*** PROVIDED DATA Section Begins ***

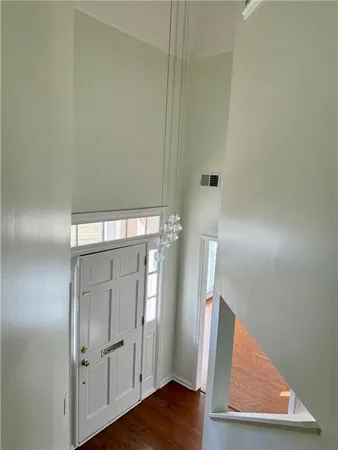 a view of a livingroom with wooden floor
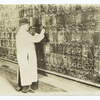 Man changing stock quotes on a chalk board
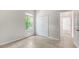 Cozy bedroom with large window, closet and neutral colors at 12041 Thornhill Ct, Lakewood Ranch, FL 34202
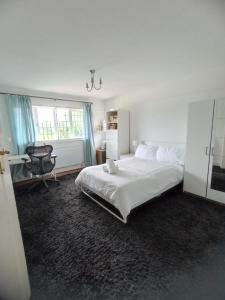 a white bedroom with a bed and a chair at Large family home near Richmond Park in New Malden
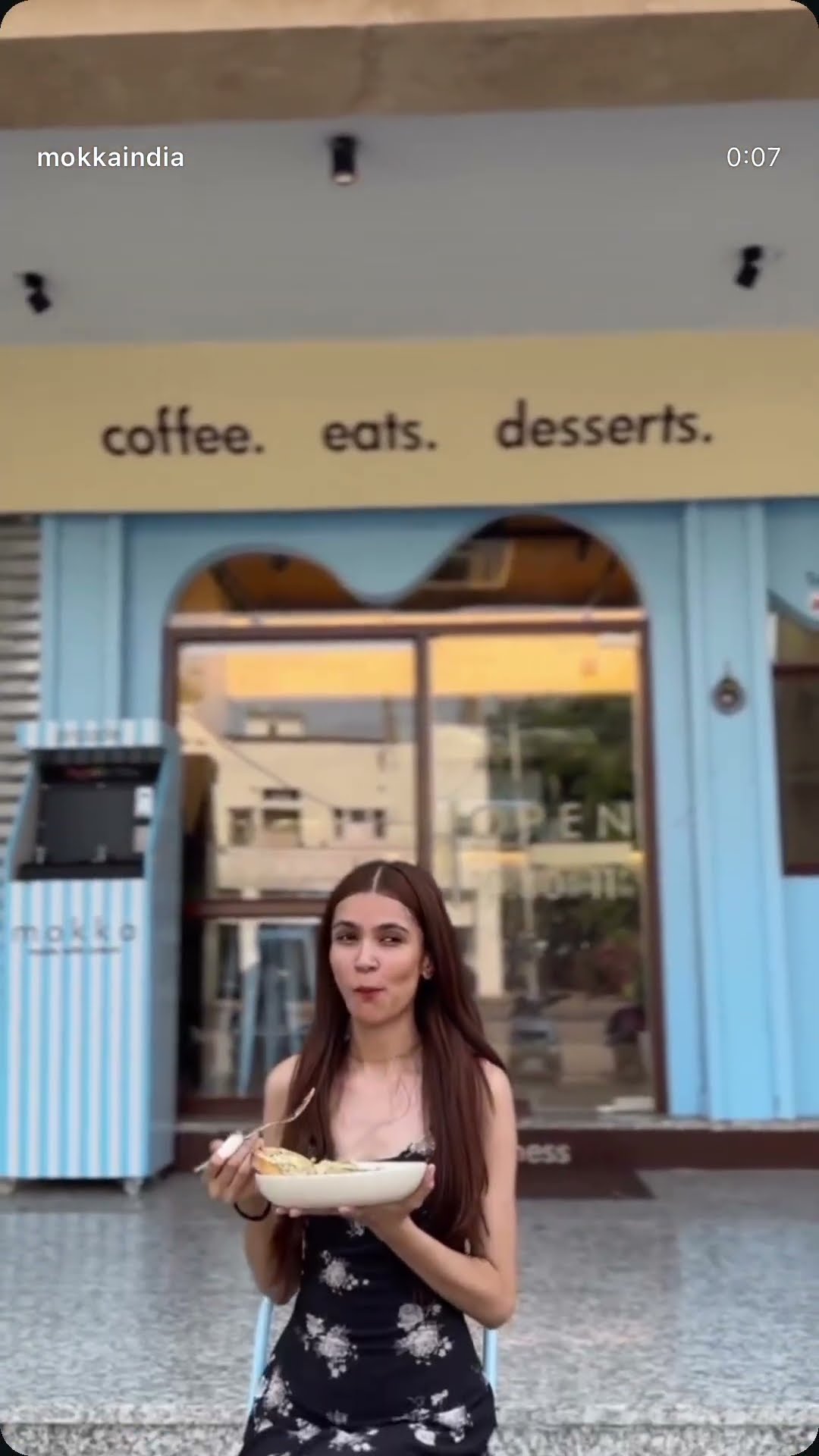 A creator outside a cafe storefront lettered coffee, eats, desserts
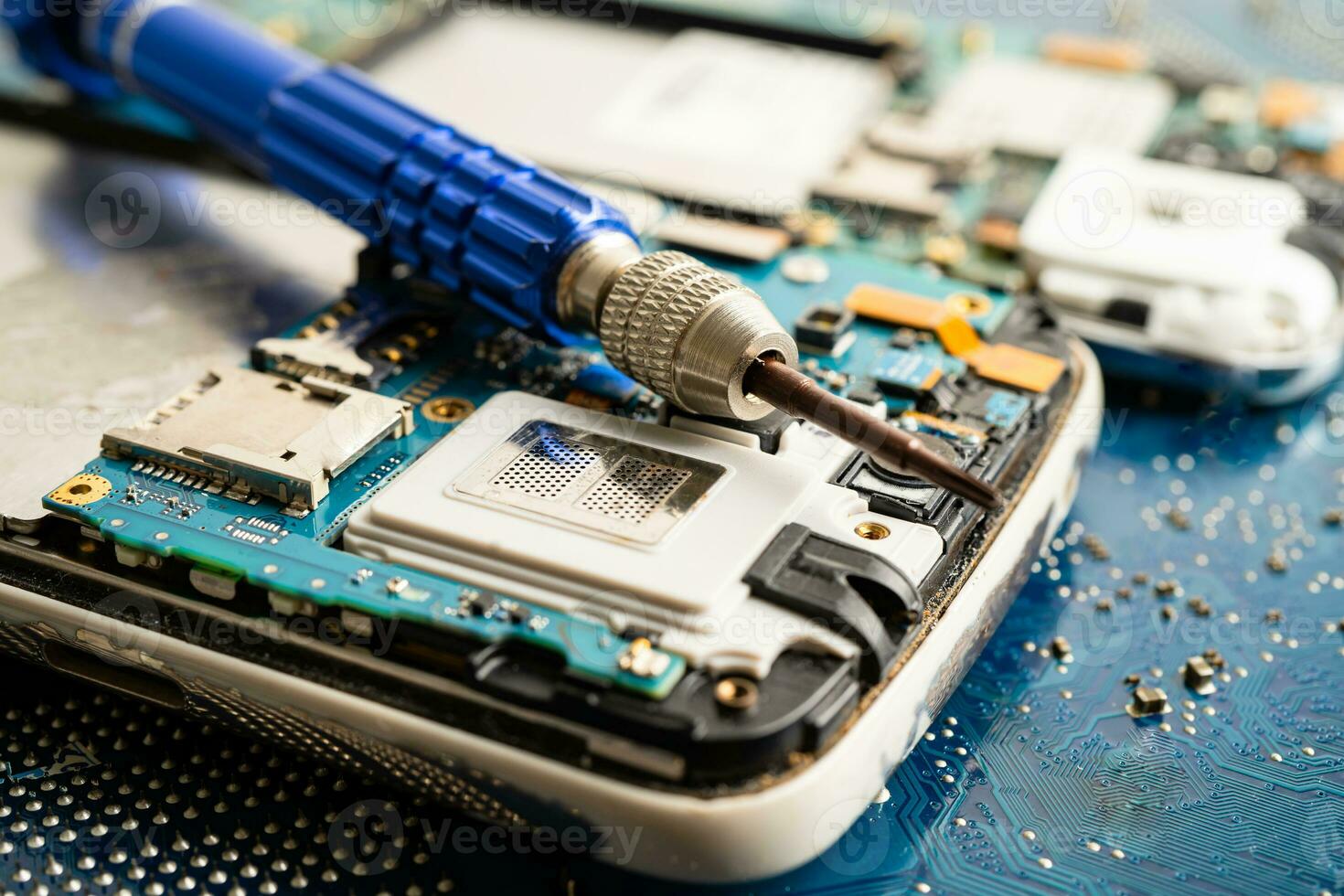 Repairing and upgrade mobile phone, electronic, computer hardware and technology concept. photo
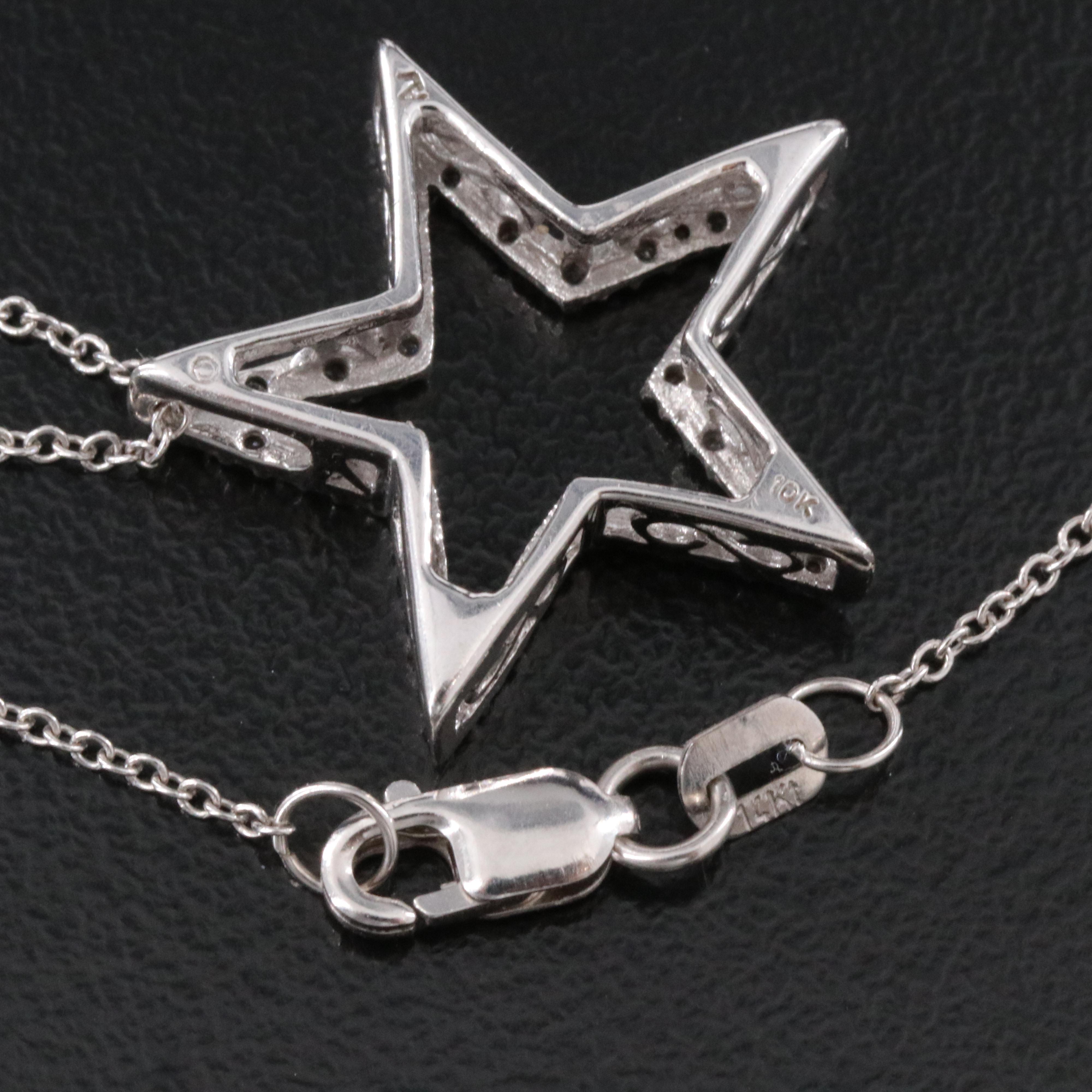 10K 0.11 CTW Diamond Star Pendant on 14K Chain Necklace
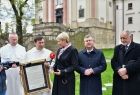  Dziedziniec zakonu Paulinów na krakowskiej Skałce, w tle widać mury zakonne. Na pierwszym planie, marszałek Witold kozłowski, prof. Jan Tadeusz Duda i wicemarszałek Iwona Gibas, przekazują zakonnika, pamiątkowy list intencyjny. 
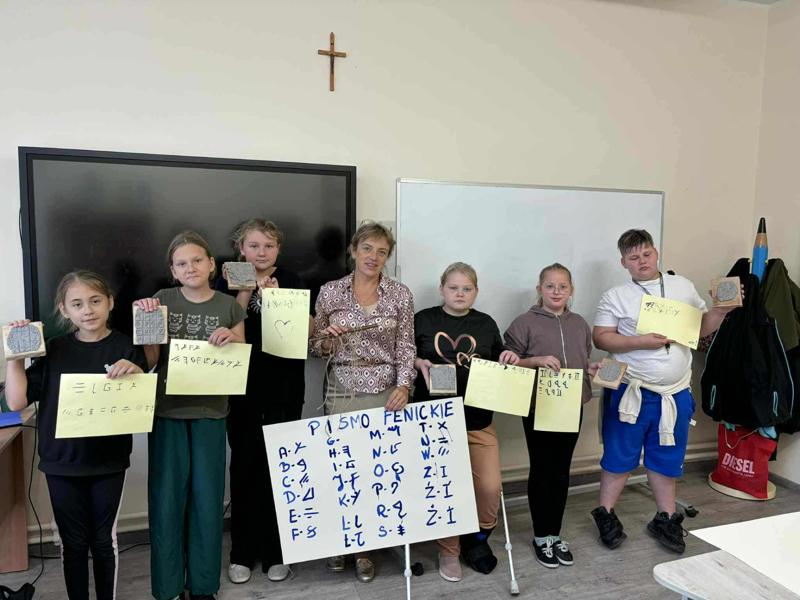 Na zdjęciu uczniowie klasy 5 wraz z nauczycielem historii, Panią Anną Kowalczyk. Uczniowie trzymają w dłoniach gliniane tabliczki z pismem klinowym oraz wzór pisma supełkowego i wzór hieroglifów.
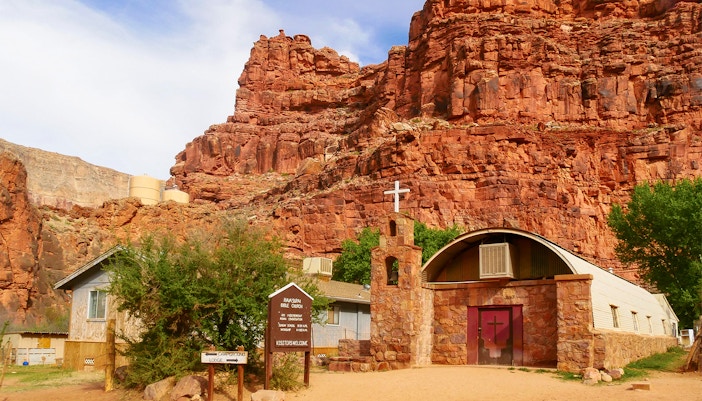 Supai Village church with red rock cliffs in Havasupai Indian Reservation, Arizona.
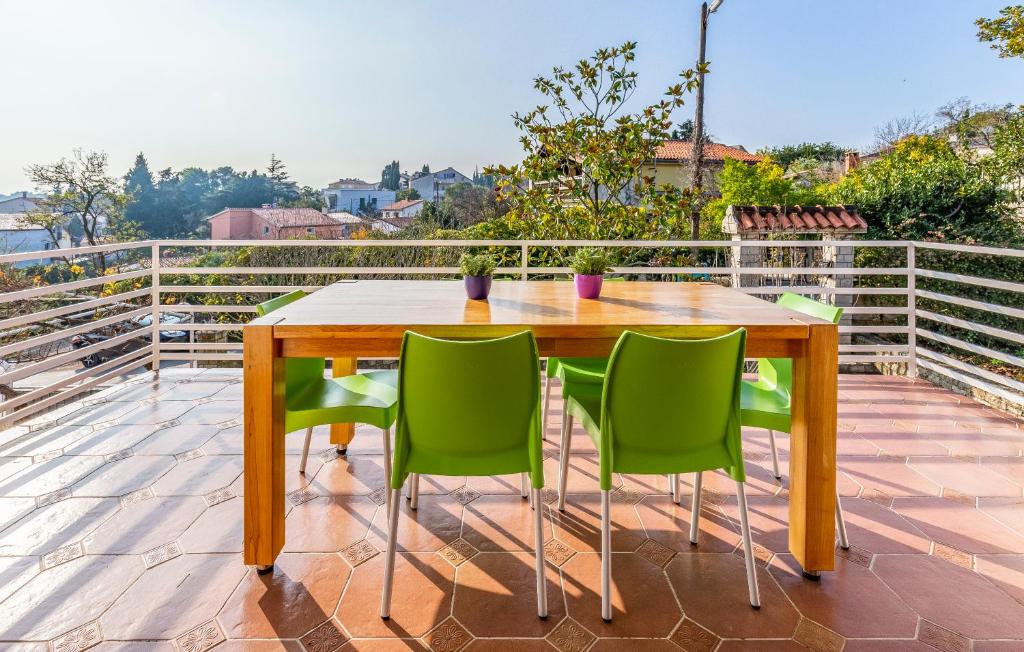uma mesa de madeira e cadeiras verdes numa varanda em Apartments Pimpinella em Premantura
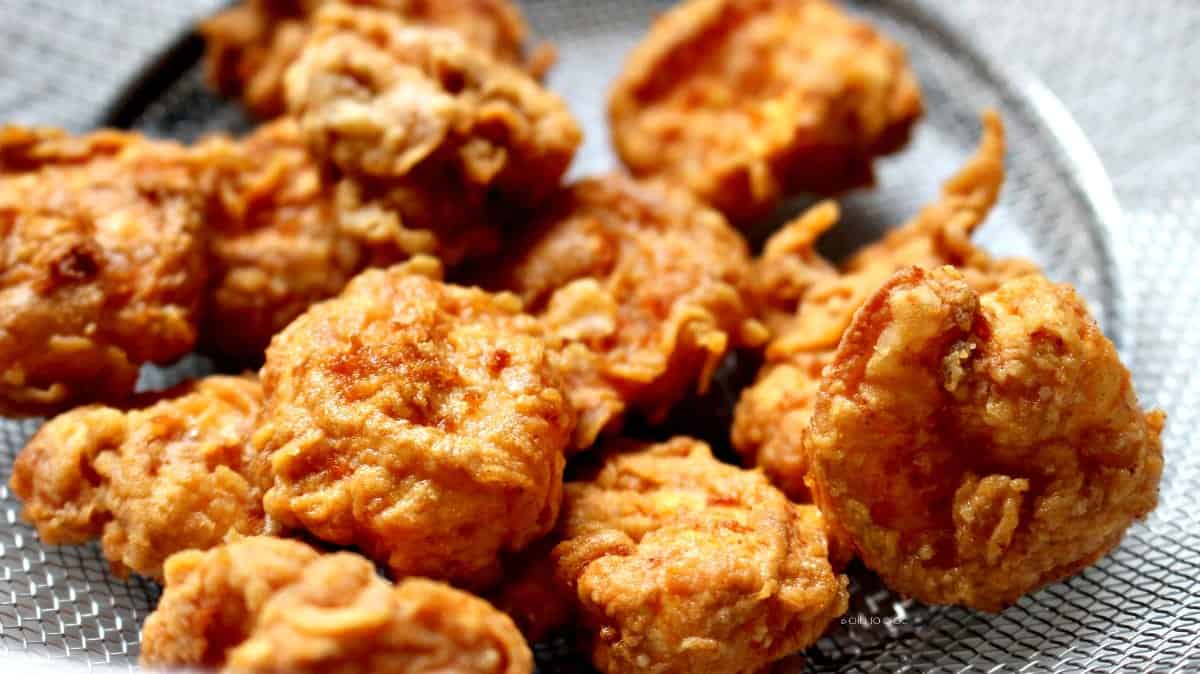 Crispy fried shrimp in a colander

*** PROVIDED DATA Section Ends ***

Output the records above exactly, leaving out pictures.

 a view of a livingroom with wooden floor
 Man changing stock quotes on a chalk board
 Cozy bedroom with large window, closet and neutral colors at 12041 Thornhill Ct, Lakewood Ranch, FL 34202
 a white bedroom with a bed and a chair at Large family home near Richmond Park in New Malden
 A creator outside a cafe storefront lettered coffee, eats, desserts
 Repairing and upgrade mobile phone, electronic, computer hardware and technology concept. photo
 10K 0.11 CTW Diamond Star Pendant on 14K Chain Necklace
  Dziedziniec zakonu Paulinów na krakowskiej Skałce, w tle widać mury zakonne. Na pierwszym planie, marszałek Witold kozłowski, prof. Jan Tadeusz Duda i wicemarszałek Iwona Gibas, przekazują zakonnika, pamiątkowy list intencyjny. 
 Na zdjęciu uczniowie klasy 5 wraz z nauczycielem historii, Panią Anną Kowalczyk. Uczniowie trzymają w dłoniach gliniane tabliczki z pismem klinowym oraz wzór pisma supełkowego i wzór hieroglifów.
 Supai Village church with red rock cliffs in Havasupai Indian Reservation, Arizona.
uma mesa de madeira e cadeiras verdes numa varanda em Apartments Pimpinella em Premantura
 Crispy fried shrimp in a colander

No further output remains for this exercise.